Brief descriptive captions
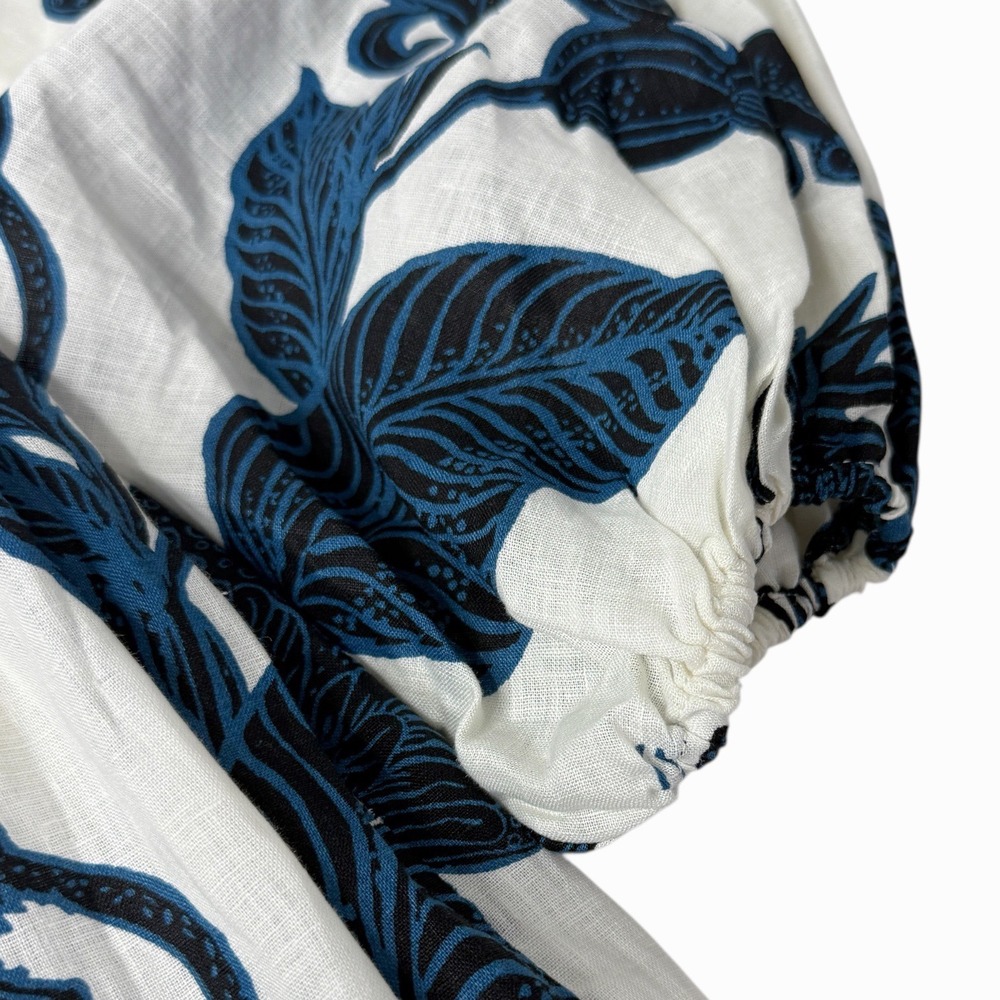 BANANA REPUBLIC Linen Balloon Sleeve Mini Dress Blue Butterfly Palm Print Size 4 - Picture 6 of 15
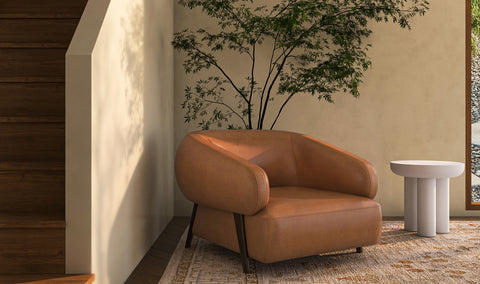 Devlin Lounge Chair Tan Leather
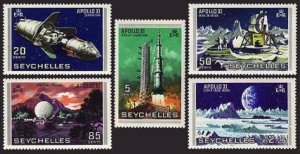 Seychelles 252-256, MNH. Michel 254-258. Apollo XI space flight 1969.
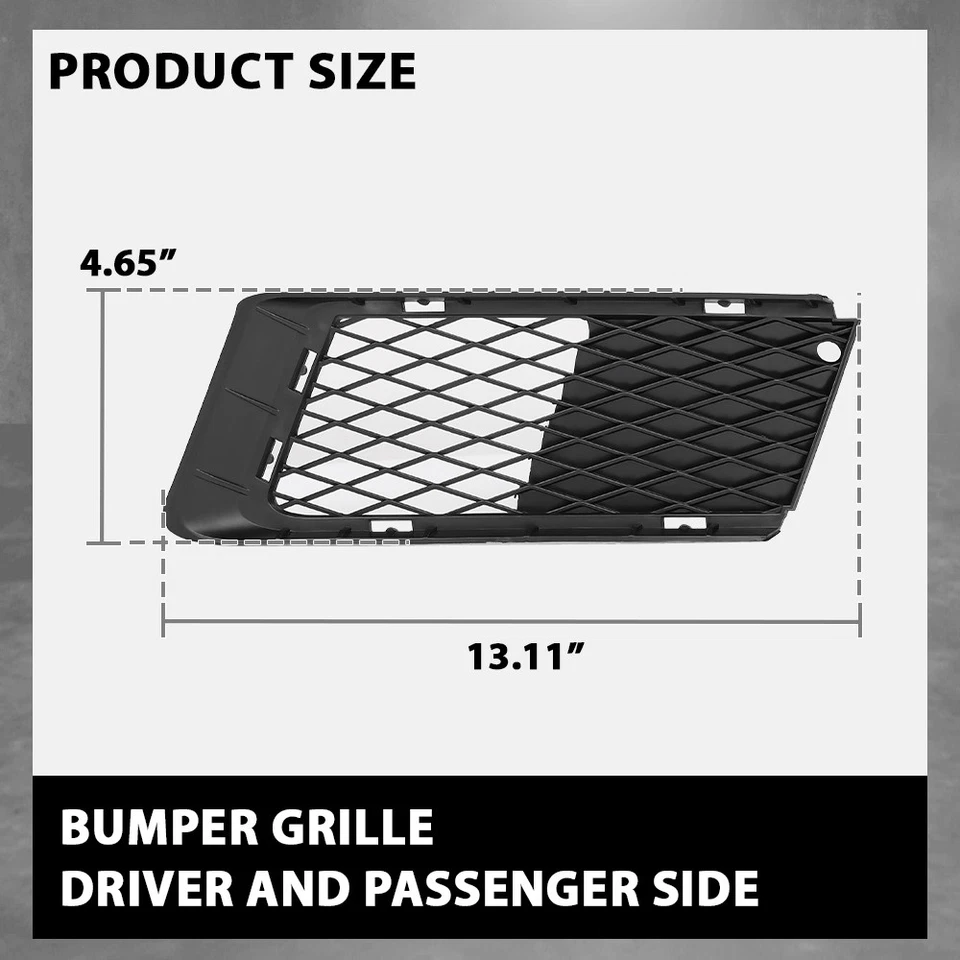 Fit For 07-10 BMW 328xi 328i xDrive Fog Light Cover Lower Grille Trim Left+Right Foto 4 de 4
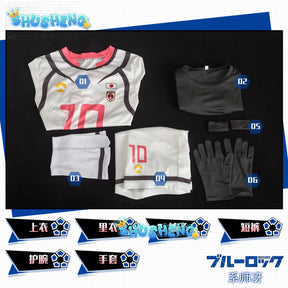Anime Blue Lock Sae Itoshi Cosplay Costume Wig White Uniform Japan U-20 Team Football Jersey No.10 Sportswear Gloves Men Women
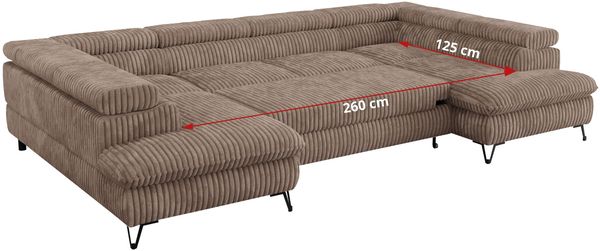 Mks Möbel 'Peter U' Wohnlandschaft mit Bettkasten, Bettfunktion & einstellbaren Kopfstützen, Braun, Cord, mit Topper Bild 9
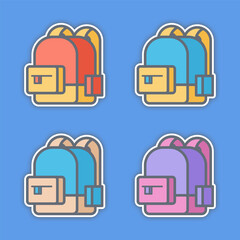 Backpack sticker vector illustration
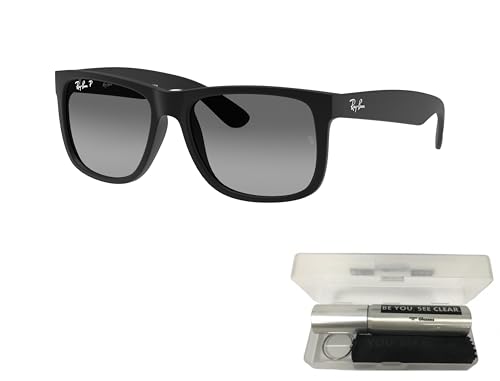 Ray-Ban RB4165 Sunglasses Bundle: RB 4165 JUSTIN 622/T3 Justin Rubber Black Light Grey and Eyewear Cleaning Kit2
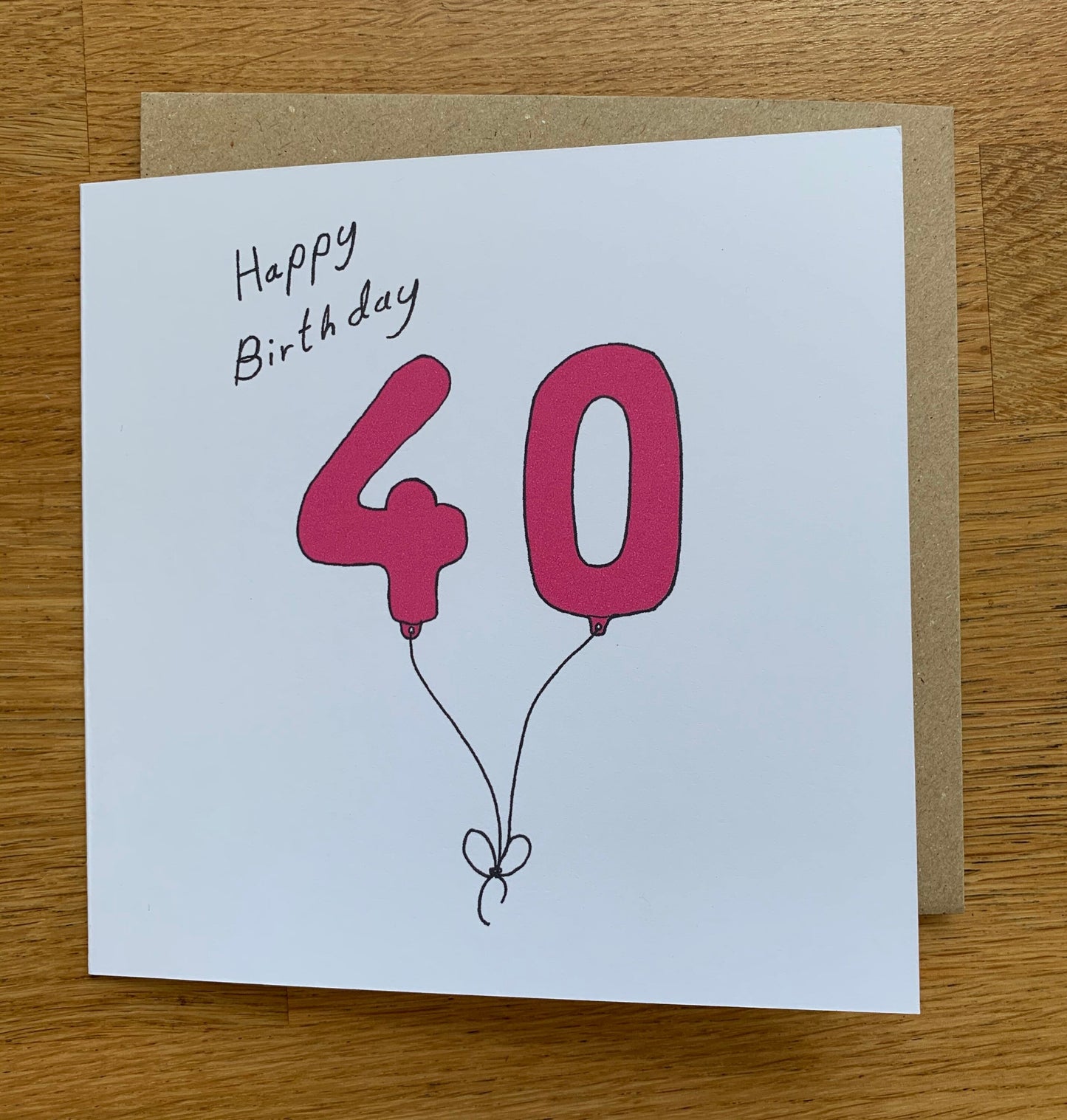40th birthday card, 40 balloons, pink, for her, female, woman. women, cute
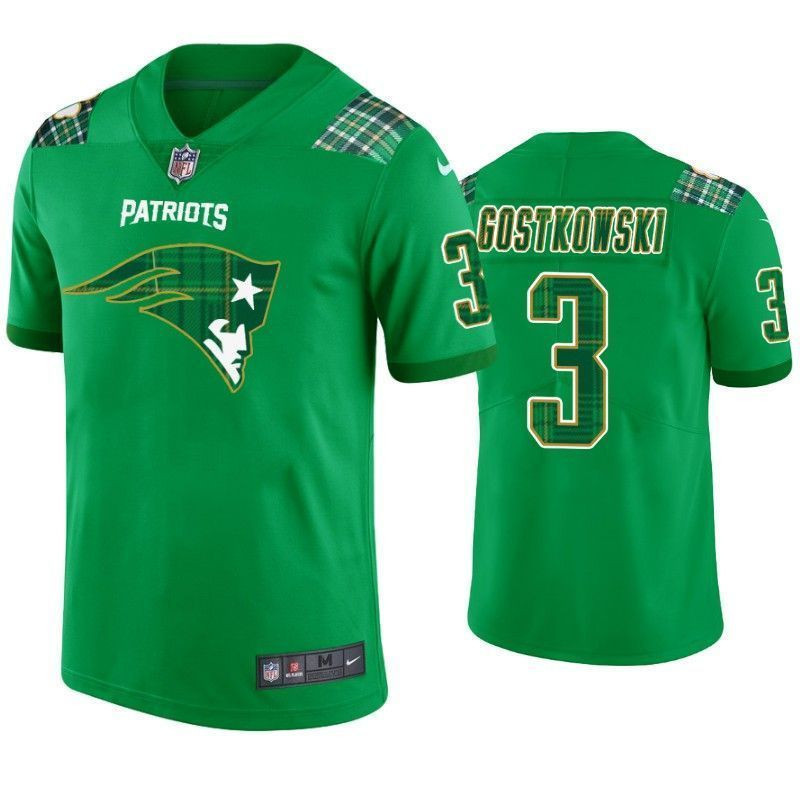 New England Patriots 3 Stephen Gostkowski St Patricks Day Kelly Green Lucky Men 3D Jersey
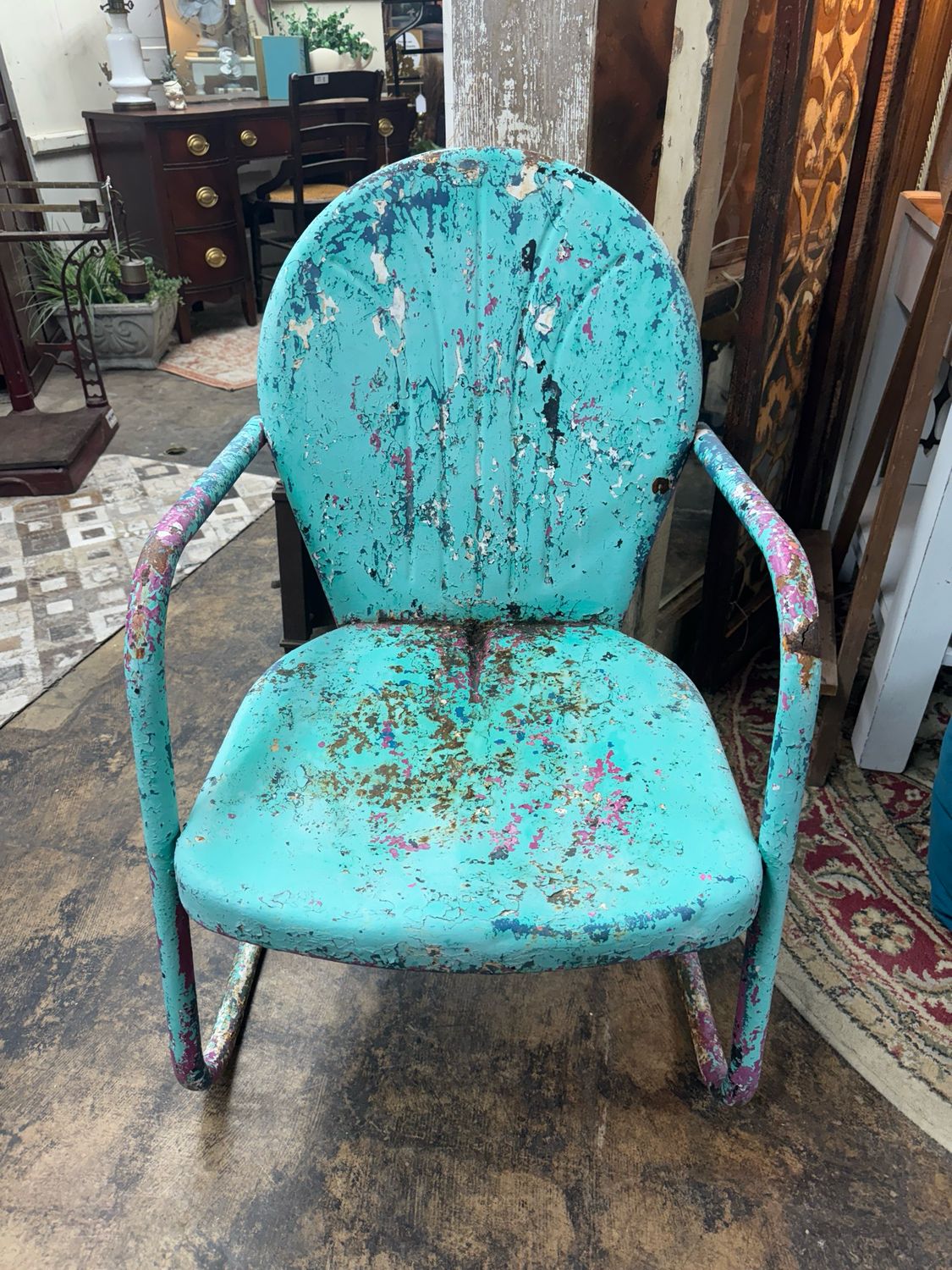Vintage Metal Outdoor Chair with Chippy Paint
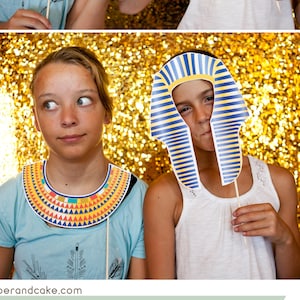 17 Egyptian PRINTABLE Photo Booth Props, King Tut and Queen Nefertiti Editable Text Digital Download Paper and Cake image 2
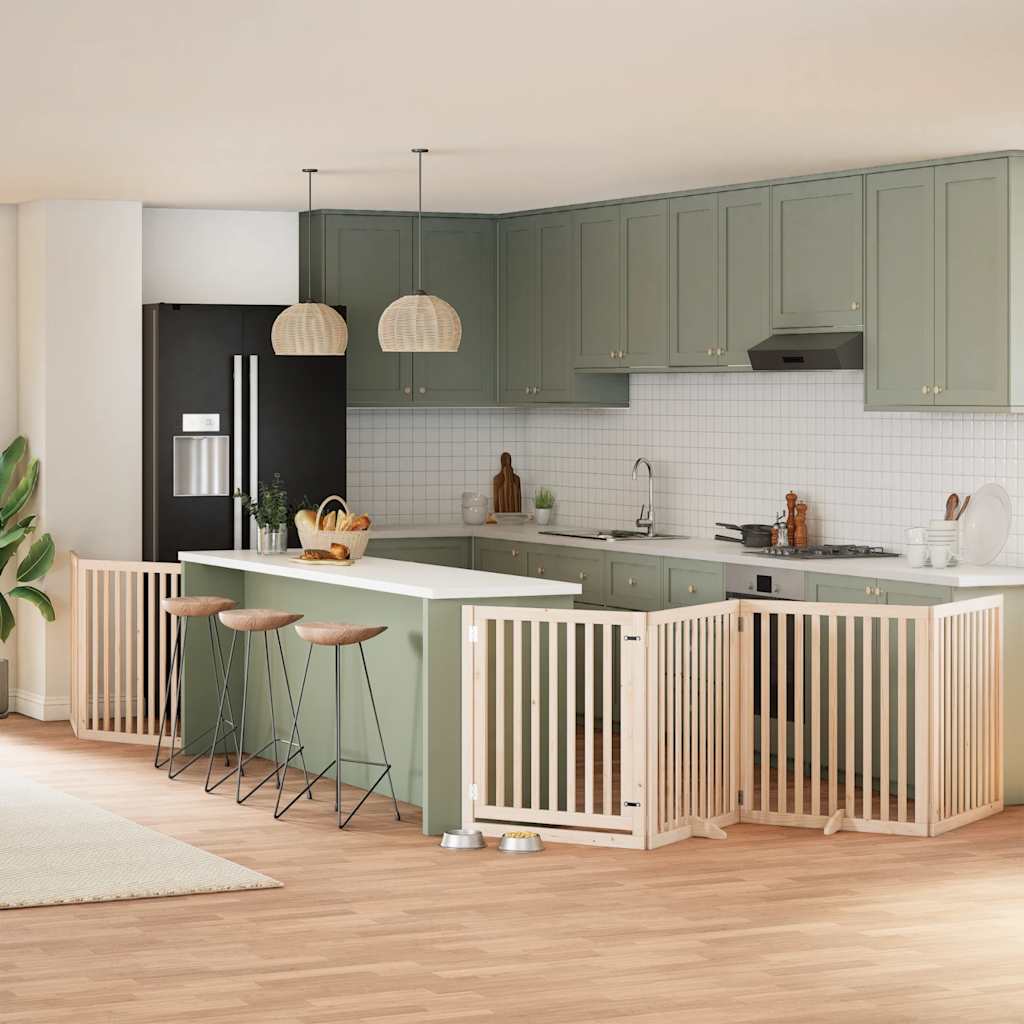 Zábrana Pro Psy S Dvířky Skládací 15 Panelů 750 Cm Topol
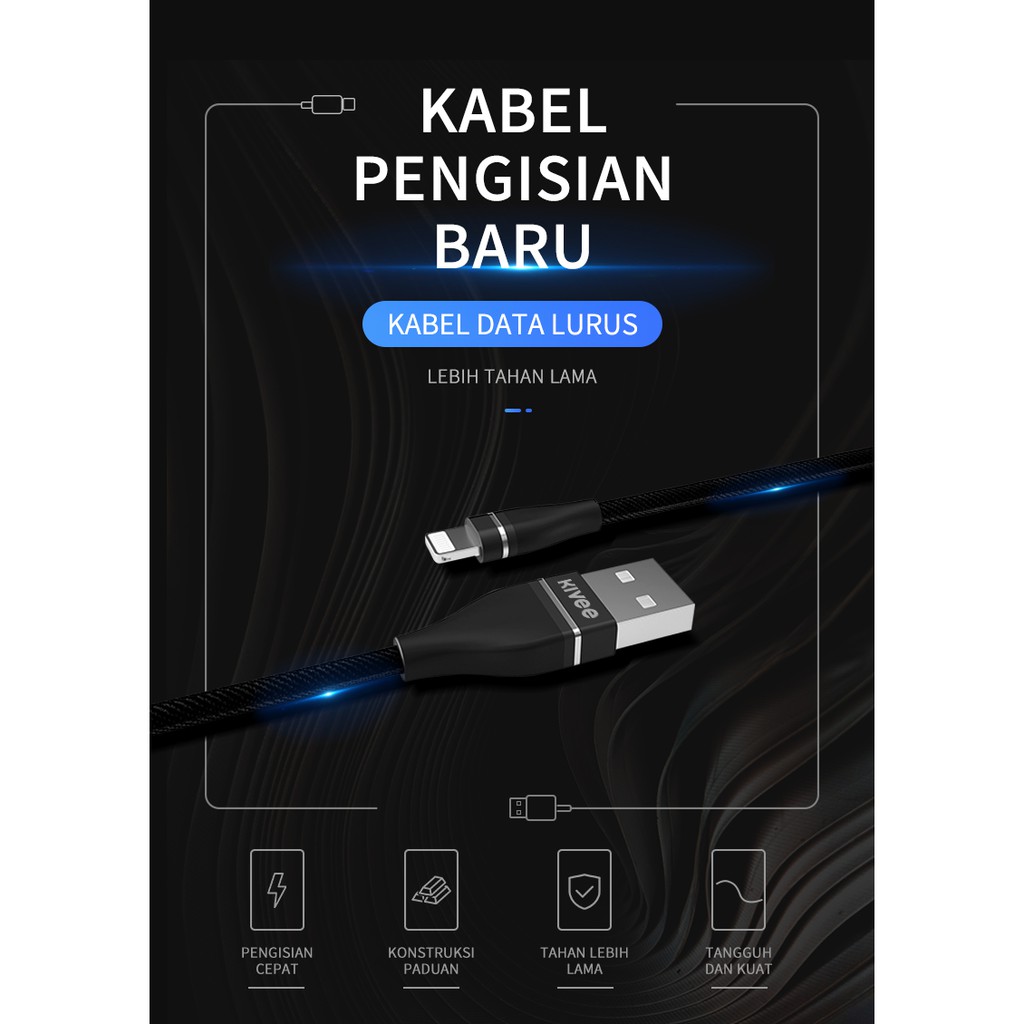 Kivee Kabel Data Type-C Android USB Fast Charging Samsung Xiaomi Oppo Vivo Hitam 2.1A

▶ [ACTIVITY]: Pictures stay out. Transcribe the lines from the start of the entries above through the line with "Anime Blue Lock", exactly.

▶ [RESPONSE AREA]:
 BANANA REPUBLIC Linen Balloon Sleeve Mini Dress Blue Butterfly Palm Print Size 4 - Picture 6 of 15
 Devlin Lounge Chair Tan Leather
 Seychelles 252-256, MNH. Michel 254-258. Apollo XI space flight 1969.
 Fit For 07-10 BMW 328xi 328i xDrive Fog Light Cover Lower Grille Trim Left+Right Foto 4 de 4
Anime Blue Lock Sae Itoshi Cosplay Costume Wig White Uniform Japan U-20 Team Football Jersey No.10 Sportswear Gloves Men Women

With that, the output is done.